The Executive Order mandates the direct remittance of major oil and gas revenues into the Federation Account, effectively reversing revenue-retention mechanisms previously granted to NNPC Limited under the PIA. Those provisions allowed the national oil company to deduct a 30 per cent management fee and allocate 30 per cent of profit oil and gas to frontier exploration before remitting the balance to the government.
Stakeholders argue that removing those deductions significantly reduces the company’s internally generated funds, potentially constraining its operational capacity and long-term investment plans.
Energy analysts estimate that under the original PIA framework, NNPC Limited could have retained approximately $45 billion over the next five years based on moderate production and oil price assumptions. Under the new directive, projected retention could fall to around $15 billion — representing a potential $30 billion reduction in internally available capital.

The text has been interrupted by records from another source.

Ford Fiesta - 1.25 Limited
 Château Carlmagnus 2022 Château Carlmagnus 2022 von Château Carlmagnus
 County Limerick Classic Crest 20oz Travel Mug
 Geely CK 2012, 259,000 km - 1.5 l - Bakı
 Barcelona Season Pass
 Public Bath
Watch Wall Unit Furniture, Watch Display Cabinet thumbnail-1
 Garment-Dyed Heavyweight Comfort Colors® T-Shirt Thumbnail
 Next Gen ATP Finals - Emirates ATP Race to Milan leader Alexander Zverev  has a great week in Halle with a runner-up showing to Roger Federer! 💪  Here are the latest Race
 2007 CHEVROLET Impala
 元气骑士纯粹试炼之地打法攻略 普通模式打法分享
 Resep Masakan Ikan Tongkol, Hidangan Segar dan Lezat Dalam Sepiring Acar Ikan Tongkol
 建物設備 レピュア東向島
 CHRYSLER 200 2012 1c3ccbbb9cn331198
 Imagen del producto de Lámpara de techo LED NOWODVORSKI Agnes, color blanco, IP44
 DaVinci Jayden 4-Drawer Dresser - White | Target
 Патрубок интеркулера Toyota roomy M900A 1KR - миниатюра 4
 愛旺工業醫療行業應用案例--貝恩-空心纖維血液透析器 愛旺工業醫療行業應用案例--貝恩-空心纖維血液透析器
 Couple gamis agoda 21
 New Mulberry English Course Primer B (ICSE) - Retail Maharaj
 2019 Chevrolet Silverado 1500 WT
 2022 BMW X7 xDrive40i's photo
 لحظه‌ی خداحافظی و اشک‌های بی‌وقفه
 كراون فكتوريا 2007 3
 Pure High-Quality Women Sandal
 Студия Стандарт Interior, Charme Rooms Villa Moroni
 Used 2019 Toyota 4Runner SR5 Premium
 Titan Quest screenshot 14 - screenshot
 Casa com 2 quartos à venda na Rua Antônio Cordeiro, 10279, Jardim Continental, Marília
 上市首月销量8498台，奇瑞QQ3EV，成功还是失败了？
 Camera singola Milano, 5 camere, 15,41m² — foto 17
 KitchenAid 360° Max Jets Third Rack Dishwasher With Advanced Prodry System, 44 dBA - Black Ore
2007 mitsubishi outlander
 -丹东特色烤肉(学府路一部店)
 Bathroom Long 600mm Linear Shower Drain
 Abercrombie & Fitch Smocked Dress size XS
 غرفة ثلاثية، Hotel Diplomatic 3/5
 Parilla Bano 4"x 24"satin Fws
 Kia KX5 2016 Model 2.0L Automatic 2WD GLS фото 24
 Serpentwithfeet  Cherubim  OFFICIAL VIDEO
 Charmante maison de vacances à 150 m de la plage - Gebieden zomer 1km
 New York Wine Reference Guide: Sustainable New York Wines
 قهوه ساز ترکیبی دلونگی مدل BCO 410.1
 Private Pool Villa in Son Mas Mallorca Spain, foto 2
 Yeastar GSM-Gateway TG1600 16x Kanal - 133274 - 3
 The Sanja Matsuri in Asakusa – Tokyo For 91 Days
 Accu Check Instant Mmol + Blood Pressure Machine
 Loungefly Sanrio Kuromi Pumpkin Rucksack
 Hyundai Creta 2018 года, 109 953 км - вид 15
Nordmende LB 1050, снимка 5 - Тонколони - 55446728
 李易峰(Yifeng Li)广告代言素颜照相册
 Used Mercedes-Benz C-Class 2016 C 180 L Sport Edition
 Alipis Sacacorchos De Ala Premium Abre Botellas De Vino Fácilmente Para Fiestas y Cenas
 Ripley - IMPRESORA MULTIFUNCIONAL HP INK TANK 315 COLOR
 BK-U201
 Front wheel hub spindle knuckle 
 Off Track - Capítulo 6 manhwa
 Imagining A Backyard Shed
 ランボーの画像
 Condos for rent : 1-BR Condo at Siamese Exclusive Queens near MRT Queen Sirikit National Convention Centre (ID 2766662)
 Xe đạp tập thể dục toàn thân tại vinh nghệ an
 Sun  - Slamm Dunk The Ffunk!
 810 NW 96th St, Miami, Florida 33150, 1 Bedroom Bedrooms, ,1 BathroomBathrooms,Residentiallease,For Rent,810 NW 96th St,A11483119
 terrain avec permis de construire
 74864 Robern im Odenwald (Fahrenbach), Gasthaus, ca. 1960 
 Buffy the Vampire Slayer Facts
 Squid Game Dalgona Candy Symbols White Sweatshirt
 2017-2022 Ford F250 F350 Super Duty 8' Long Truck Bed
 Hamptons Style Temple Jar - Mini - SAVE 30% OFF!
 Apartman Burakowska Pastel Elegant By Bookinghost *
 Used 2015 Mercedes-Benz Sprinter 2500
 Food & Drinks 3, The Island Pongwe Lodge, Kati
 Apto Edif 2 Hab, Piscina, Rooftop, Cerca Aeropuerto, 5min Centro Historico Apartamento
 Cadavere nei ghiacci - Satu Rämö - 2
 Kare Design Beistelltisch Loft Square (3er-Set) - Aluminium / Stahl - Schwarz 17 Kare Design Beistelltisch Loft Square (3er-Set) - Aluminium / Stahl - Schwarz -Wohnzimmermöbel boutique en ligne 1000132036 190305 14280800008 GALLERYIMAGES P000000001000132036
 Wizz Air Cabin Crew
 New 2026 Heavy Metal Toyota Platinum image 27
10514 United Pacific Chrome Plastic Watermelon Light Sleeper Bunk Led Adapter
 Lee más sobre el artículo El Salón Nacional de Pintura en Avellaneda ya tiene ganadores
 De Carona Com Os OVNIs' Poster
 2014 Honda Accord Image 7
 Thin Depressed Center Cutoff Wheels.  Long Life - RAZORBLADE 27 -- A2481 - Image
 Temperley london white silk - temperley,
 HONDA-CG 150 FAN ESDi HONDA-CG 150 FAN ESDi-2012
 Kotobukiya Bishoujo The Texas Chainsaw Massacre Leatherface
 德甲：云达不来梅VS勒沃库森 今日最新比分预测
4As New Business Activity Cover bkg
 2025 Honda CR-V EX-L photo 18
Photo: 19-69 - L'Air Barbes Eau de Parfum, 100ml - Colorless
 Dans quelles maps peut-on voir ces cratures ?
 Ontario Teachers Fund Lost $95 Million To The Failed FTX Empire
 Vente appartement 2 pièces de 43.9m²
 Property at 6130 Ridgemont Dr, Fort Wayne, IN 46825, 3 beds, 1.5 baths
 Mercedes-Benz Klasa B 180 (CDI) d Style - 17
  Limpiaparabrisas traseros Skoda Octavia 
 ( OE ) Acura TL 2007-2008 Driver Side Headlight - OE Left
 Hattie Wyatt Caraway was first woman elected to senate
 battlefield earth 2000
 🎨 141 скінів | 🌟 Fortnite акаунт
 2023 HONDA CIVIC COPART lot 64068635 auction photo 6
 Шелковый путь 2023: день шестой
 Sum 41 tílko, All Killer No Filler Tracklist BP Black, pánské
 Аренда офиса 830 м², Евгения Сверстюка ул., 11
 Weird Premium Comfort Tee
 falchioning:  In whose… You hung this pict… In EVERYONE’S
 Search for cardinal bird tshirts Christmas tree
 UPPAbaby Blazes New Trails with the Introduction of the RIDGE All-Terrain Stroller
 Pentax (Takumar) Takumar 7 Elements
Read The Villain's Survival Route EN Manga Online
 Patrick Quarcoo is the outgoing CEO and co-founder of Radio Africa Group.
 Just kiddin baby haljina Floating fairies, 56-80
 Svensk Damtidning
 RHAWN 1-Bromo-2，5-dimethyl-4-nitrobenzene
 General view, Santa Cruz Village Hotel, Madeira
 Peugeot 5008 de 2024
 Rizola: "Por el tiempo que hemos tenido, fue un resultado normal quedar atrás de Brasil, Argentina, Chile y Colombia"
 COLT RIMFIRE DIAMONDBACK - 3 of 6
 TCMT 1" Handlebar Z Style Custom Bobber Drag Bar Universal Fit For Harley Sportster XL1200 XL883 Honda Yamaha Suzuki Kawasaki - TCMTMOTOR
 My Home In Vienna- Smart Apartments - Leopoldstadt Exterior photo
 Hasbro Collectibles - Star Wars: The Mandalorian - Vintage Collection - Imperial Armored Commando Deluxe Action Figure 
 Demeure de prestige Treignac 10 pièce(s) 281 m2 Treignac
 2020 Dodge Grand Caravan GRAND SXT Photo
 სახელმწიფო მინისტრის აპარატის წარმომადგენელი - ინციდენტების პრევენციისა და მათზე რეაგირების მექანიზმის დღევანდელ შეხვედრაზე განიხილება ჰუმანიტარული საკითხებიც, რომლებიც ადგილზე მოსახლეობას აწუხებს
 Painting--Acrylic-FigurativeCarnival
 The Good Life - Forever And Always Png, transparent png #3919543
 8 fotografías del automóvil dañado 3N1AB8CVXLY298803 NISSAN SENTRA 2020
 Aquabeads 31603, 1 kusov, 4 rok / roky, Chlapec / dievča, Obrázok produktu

“This is not just an accounting adjustment,” a senior industry executive said. “It alters the financial architecture upon which the post-PIA oil sector reforms were built.”
The PIA, enacted in 2021, was widely regarded as a transformative law aimed at commercialising Nigeria’s national oil company and positioning it to compete globally. By granting greater financial autonomy and allowing revenue retention for reinvestment, the law sought to strengthen exploration, expand gas infrastructure, and improve operational efficiency.
Critics of the new Executive Order contend that limiting NNPC’s ability to retain funds could slow frontier basin exploration, delay upstream projects, and increase reliance on borrowing to finance capital expenditure. With annual investment requirements in the range of $8–10 billion, analysts warn that the company may now need to seek substantial external financing to maintain current project commitments.
Increased borrowing, they caution, could raise debt servicing costs and expose the company to higher financial risk, particularly in a volatile oil price environment.
Supporters of the Executive Order argue that it enhances fiscal transparency and ensures that oil revenues are immediately available for distribution to federal, state and local governments through the Federation Account. At a time of revenue pressures and economic headwinds, the government views the measure as necessary to boost public finances.
However, labour unions and industry associations have expressed fears that weakening the company’s cashflow position could ultimately affect job security, project timelines and Nigeria’s competitiveness as an investment destination.
Beyond financial concerns, legal experts have also questioned whether substantive changes to the PIA’s fiscal framework can be implemented through executive action alone, noting that the PIA is an Act of the National Assembly.
As debate intensifies, stakeholders are calling for dialogue between policymakers, industry leaders and legislators to clarify the long-term strategy for Nigeria’s oil and gas sector.
For now, the Executive Order has introduced a new layer of uncertainty into an industry that only recently emerged from decades of regulatory instability. Whether the policy strengthens public finances without compromising sector viability remains a critical question for Africa’s largest oil producer.